„Menschen, die einzeln oder in Gruppen ihre bisherigen Wohnorte verlassen, um sich an anderen Orten dauerhaft oder zumindest für längere Zeit niederzulassen, werden als Migranten bezeichnet.
Pendler, Touristen und andere Kurzzeitaufenthalte fallen nicht unter die Definition von Migration, saisonale Arbeitsmigration wird manchmal mit einbezogen.

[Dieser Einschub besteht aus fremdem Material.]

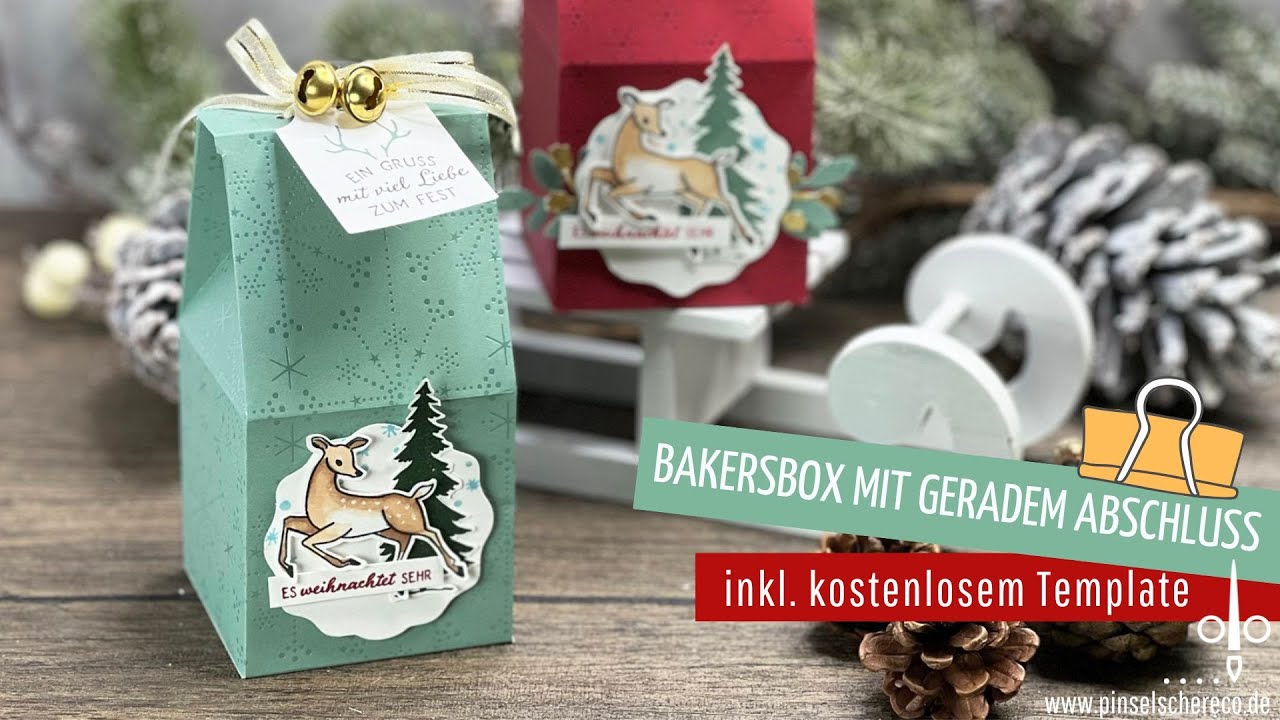 Große Bakersbox mit geradem Abschluss Winterwald | Weihnachten im Wald & Hirsch | inkl. Template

Überschreiten Menschen im Zuge ihrer Migration Ländergrenzen, werden sie aus der Perspektive des Landes, das sie betreten, Einwanderer oder Immigranten (von lat.: migrare, wandern) genannt. (Aus der Perspektive des Landes, das sie verlassen, heißen sie Auswanderer oder Emigranten.)
Die Soziologie bezeichnet Immigration in der Regel als Zuwanderung (sowie Emigration entsprechend Abwanderung)
Obwohl das aus dem Lateinischen stammende Wort „Migrant“ wörtlich „Wandernder“ bedeutet, werden auch Zugewanderte, deren Migrationsvorgang abgeschlossen ist, als „Migranten“ bezeichnet, bis aus ihnen sprachlich „Menschen mit Migrationshintergrund“ werden.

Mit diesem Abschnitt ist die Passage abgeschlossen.